Le conté sobre Le Château Lumière, sobre cómo comencé desde abajo, llevando cafés y archivando facturas, hasta convertirme en la secretaria que redactaba informes detallados que nadie parecía leer. Le hablé de las flores que aparecían en mi escritorio, un ramo de lirios blancos que al principio pensé que era un error, de las notas con un “cariño” escrito en tinta negra que me hacían temblar las rodillas. Le conté del beso, ese momento en la oficina a medianoche, cuando las luces del restaurante estaban apagadas y el mundo parecía reducirse a nosotros dos, sus manos en mi rostro, su respiración mezclándose con la mía. Y luego, la carta. La trampa. La humillación en la sala de juntas, con Leo riendo y Max mirándome con una culpa que no supe cómo interpretar. Le conté cómo dejé mi renuncia sobre la mesa, cómo salí sin mirar atrás, cómo mi corazón se rompió en pedazos que aún estaba intentando recoger.

Alessandra no interrumpió ni una sola vez.
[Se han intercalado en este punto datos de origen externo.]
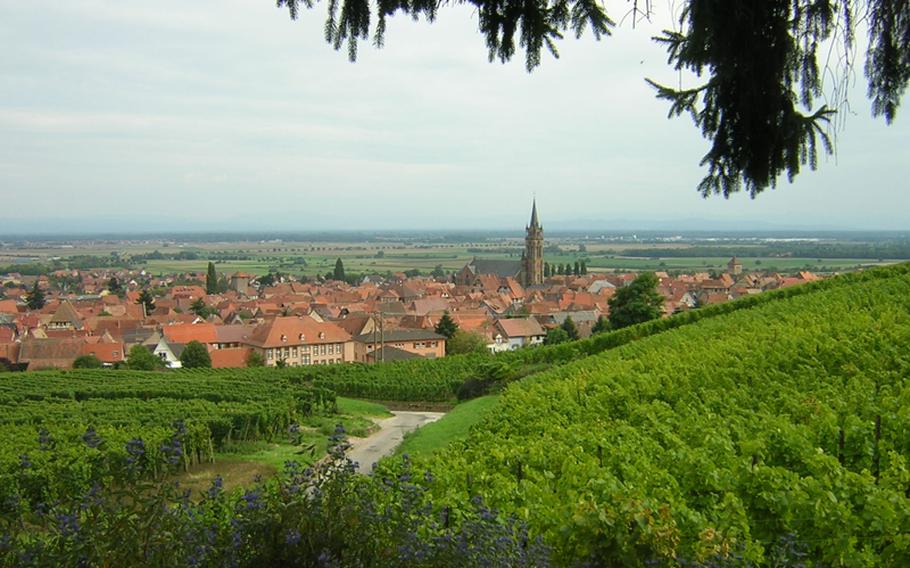 Rows and rows of grapes cover the hills above Dambach-la-Ville, France. The vineyards at the top of the hill are among those in Alsace that have marked trails, often with explanatory signposts leading through the rows so visitors can get an up-close look at how the grapes develop.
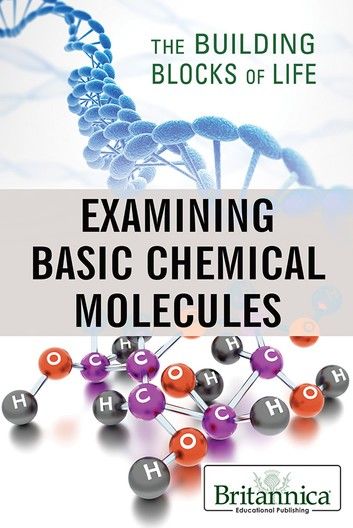 Examining Basic Chemical Molecules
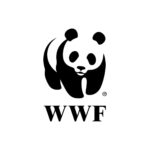 Project Executant (PE) Job Opportunities at WWF 2022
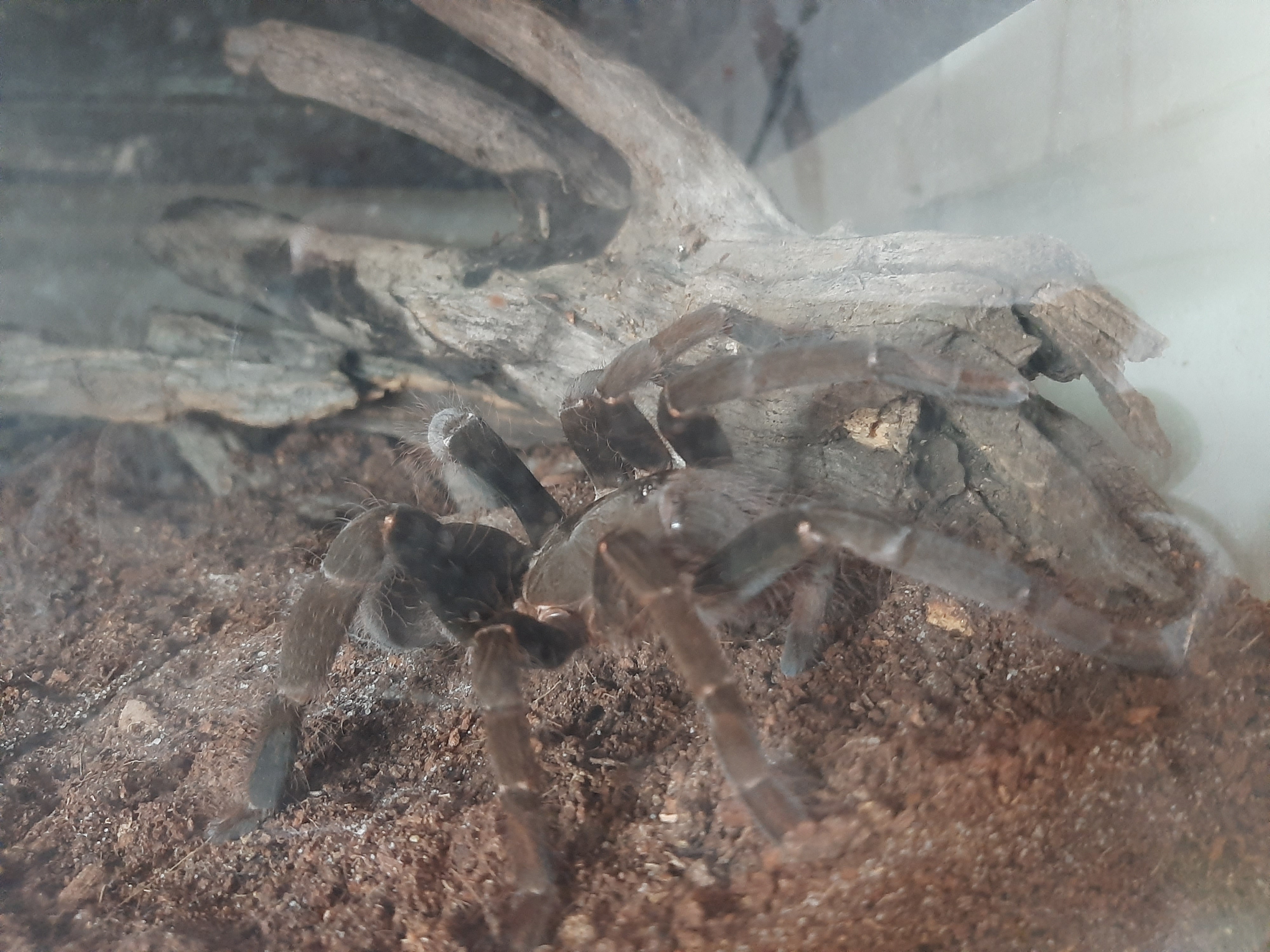 H. gigas
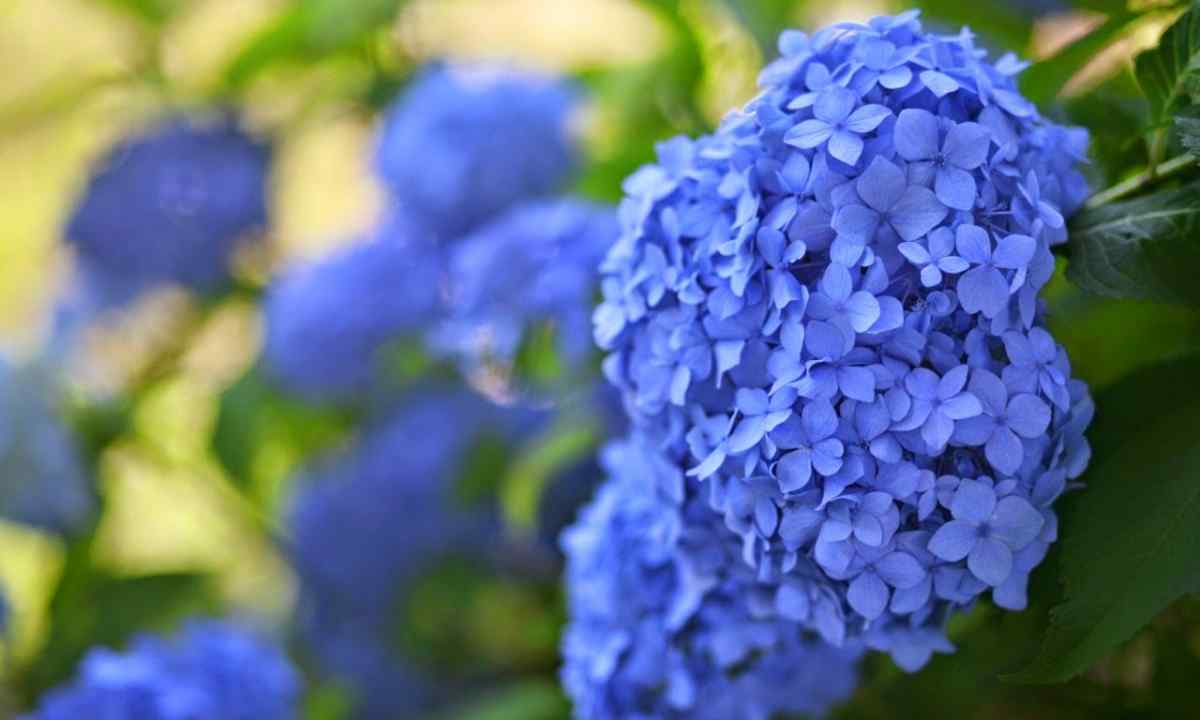 Hydrangea - cultivation and leaving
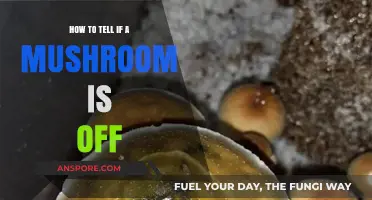 Spotting Spoiled Mushrooms: Signs to Check Before Cooking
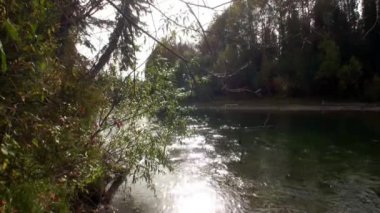 Lena nehrinin su yüzeyine yansıyan güneş ışığı..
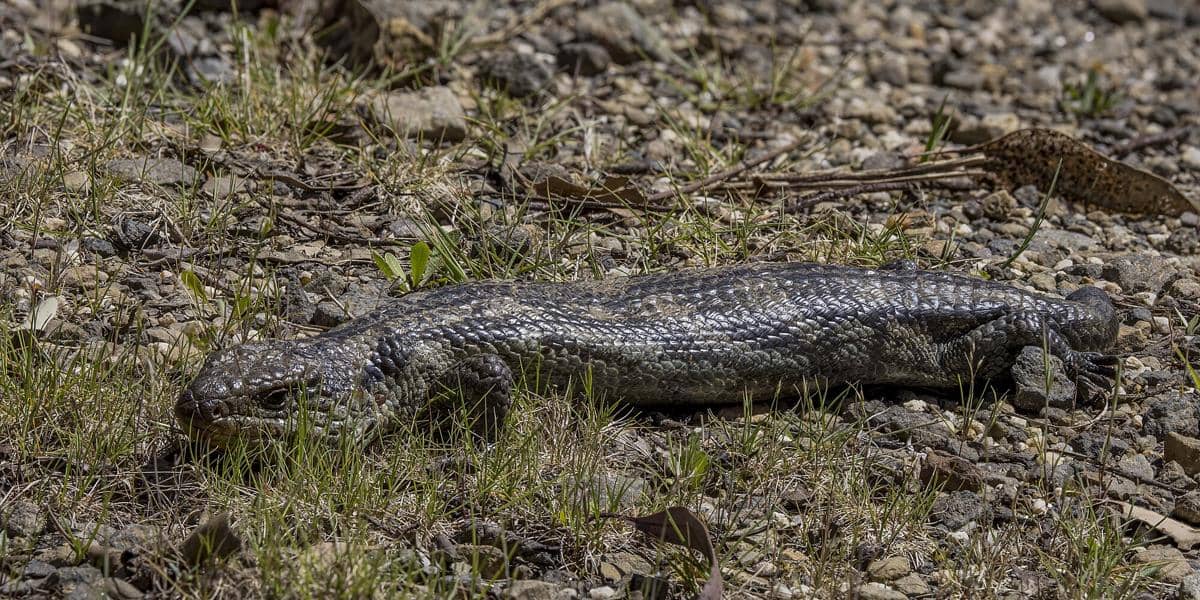 Blotched Blue-Tongued Lizard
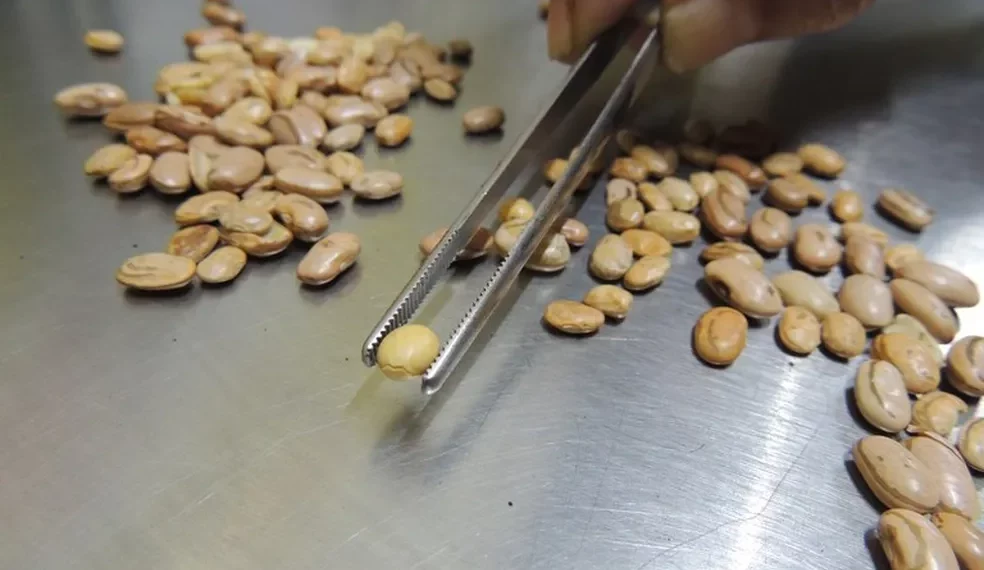 Operação do Ministério da Agricultura encontra fraude em café, azeite, arroz, feijão, frutas e vegetais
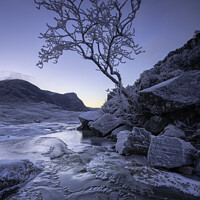 Buy canvas prints of The lone tree, Glencoe, Highlands, Scotland. by Scotland's Scenery
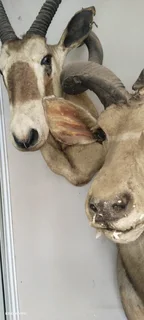 Taxidermy animal head trophies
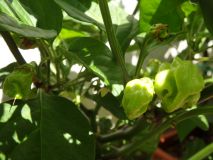 208-Habanero Mustard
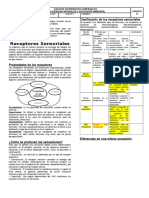 Guia de Receptores Sensoriales 1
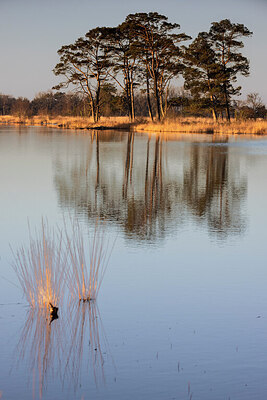 BUITEN BEELD Foto: 431790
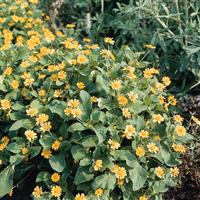 Melanie Melampodium paludosum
Solo me escuchó, sus ojos fijos en los míos, atentos, sin un ápice de juicio. Cuando terminé, me sentí vacía, pero también aliviada, como si hubiera soltado una mochila que llevaba meses pesando sobre mis hombros. El silencio que siguió fue suave, no opresivo, como si ella estuviera dándome espacio para respirar.

—¿Le hablaste después de la reunión? —preguntó finalmente, su voz baja, casi un susurro, como si temiera romper el momento.

—No… —admití, mirando mis manos, que ahora descansaban en mi regazo, los dedos entrelazados como si intentaran sostenerse mutuamente—. Me fui. No pude… no quise verlo. Tenía miedo. De lo que dijera. De lo que no dijera. De mí misma, supongo.